It is not needed if you have an additional video card installed.

If you wish to have this driver you can find it here:
http://www.sis.com/download/

Select: XP
Select: IGP Graphics Driver
Select: SIS650 & SIS740 series
File Name: uvga3_373.zip

Let us know how you make out.

Bill


----------



## AlandisN (Jan 18, 2010)

Doing this from my cell phone:

Nothing was in advanced bios cept booting stuff. However the following came up in "Integrated Peripherals" All the -'s had changeable options such as disabled or auto/both.

SiS OnChip IDE device
-Internal PCI/IDE 
-IDE Primary Master PIO
-IDE Primary Slave PIO
-IDE Secondary Master PIO
-IDE Secondary Slave PIO
-Primary Master Ultra DMA
-pri slave, sec master, sec slave Ultra DMA.
-IDE DMA transfer access

SiS OnChip PCI Device
-OnBoard USB Controller
-USB Keyboard Support
-OnBoard sound function
-OnBoard LAN Function
-OnBoard 1394 function

Onboard SuperIO Device
-Onboard FDC Controller
-Onboard Serial Prot 1
-Onboard Parallel Port
-Parallel Port Mode
-ePP Mode select
-ECP Mode Use DMA
-Game Port Address
-Midi Port Address
-Midi Port IRQ

Init Display First: (set to PCI slot)

What do I change?


----------



## BCCOMP (Jul 9, 2007)

Init Display First: (set to PCI slot)
What other options are listed for this?
Bill


----------



## AlandisN (Jan 18, 2010)

The other option was AGP.


----------



## BCCOMP (Jul 9, 2007)

I am not totally sure of what motherboard you have.
Some motherboards will have the option to disable ON-Board video.
It appears yours does not.
Set it to AGP
Your Nvidia card is a AGP card so it should be the Init (Initial) Display device.
Save and Exit the BIOS
Install the Nvidia Driver

Enter the Device Manager
Under Display Adapters you should "see" your Nvidia GeForce FX 5200 

If you still have the other "VGA Controller" error (you may) in the Device Manager install this driver:
http://www.sis.com/download/

Accept Agreement if prompted

Select: XP
Select: IGP Graphics Driver
Select: SIS650 & SIS740 series
File Name: uvga3_373.zip

Check the Device Manager again to make sure you have no errors
Post any if you do

Let us know how you make out.

Bill


----------



## AlandisN (Jan 18, 2010)

The Nvidia card is a PCI. When I first boot, I get a little screen that shows the stats of the board, right before the boot screen. It's listed as a 256mb pci board. 

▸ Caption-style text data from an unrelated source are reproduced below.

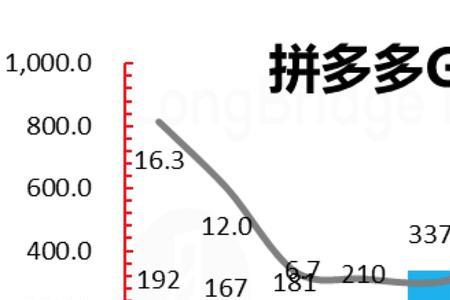 拼多多产投比怎么算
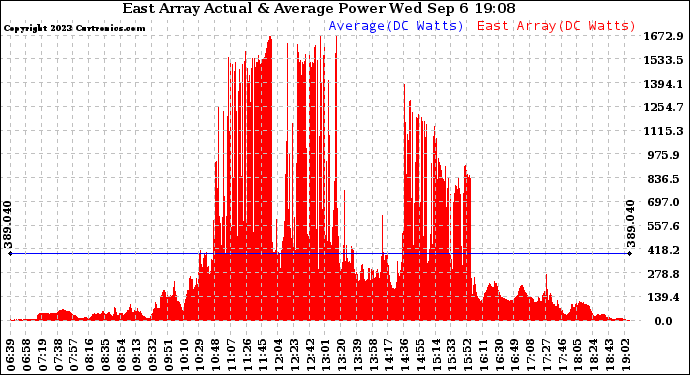 Solar PV/Inverter Performance East Array Actual & Average Power Output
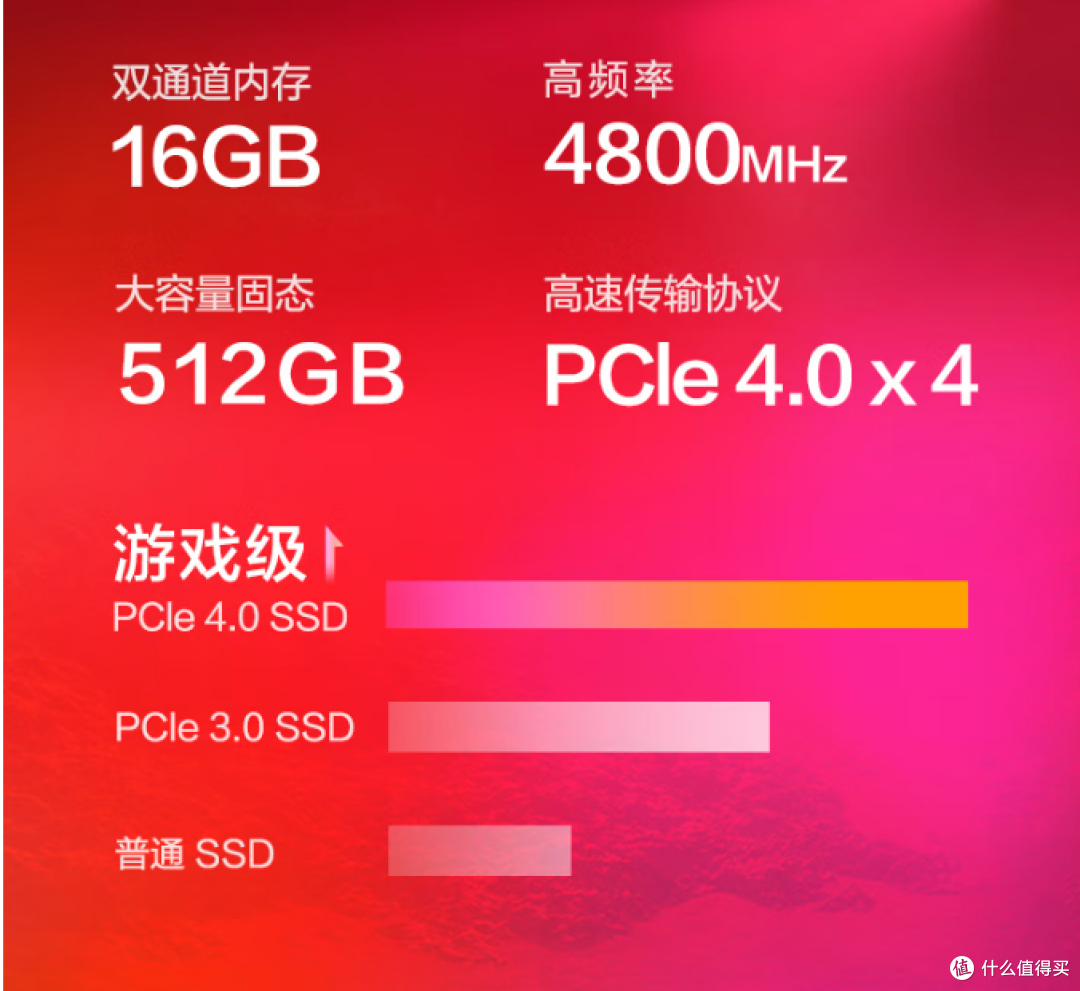 高考出了好成绩?那就买个好电脑奖励自己吧——4款超牛的暗影精灵笔记本电脑,让你的大学充满生机!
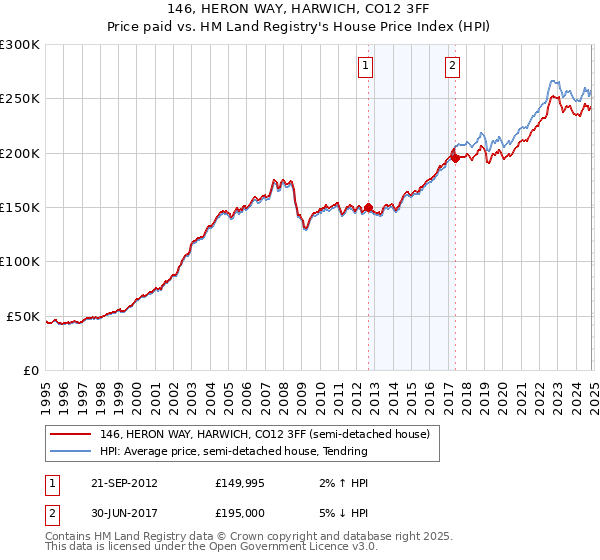 146, HERON WAY, HARWICH, CO12 3FF: Price paid vs HM Land Registry's House Price Index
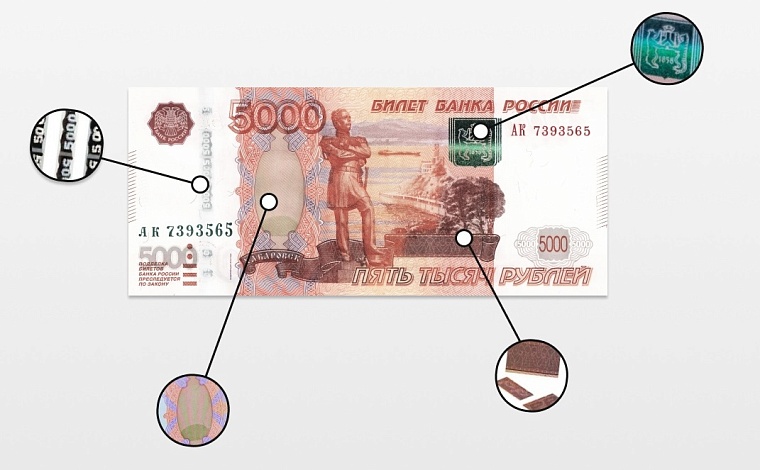 Внимание, фальшивка! Как отличить поддельные купюры от настоящих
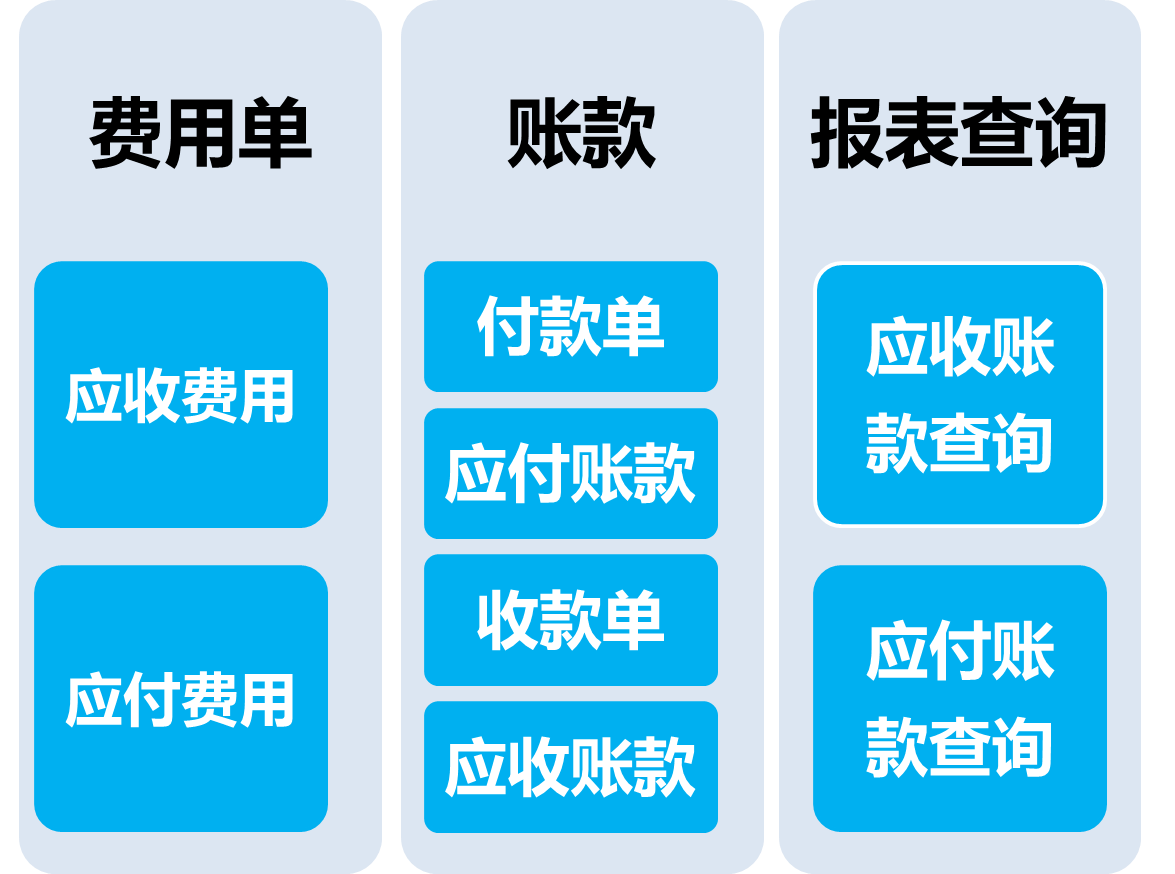 商贸王6结算流程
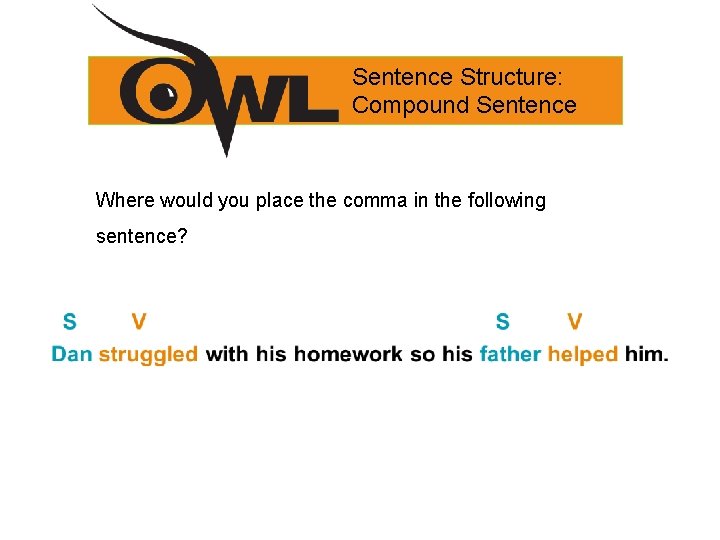 Sentence Structure: Compound Sentence Where would you place the comma in the following sentence?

Supporting this, when set to AGP, the computer became inoperable due to lack of monitor display. I had to switch the monitor cable to the onboard slot to go back and fix. I'm currently set to PCI and am booting with the monitor connected to the gfx board again.

I'm going to attempt to install the drivers and disable the extra video controller via device manager. I don't believe getting sis drivers is necessary if I'm not booting from the onboard sis 651, but I'll do it if this doesn't solve the problem.


----------



## AlandisN (Jan 18, 2010)

After installing the drivers, I see the Nvidia card under my Display in Device Manager. I disabled the video controller that was yellow exclamation'd. I think this is as good as it's going to get; the video games are running normally so far.


----------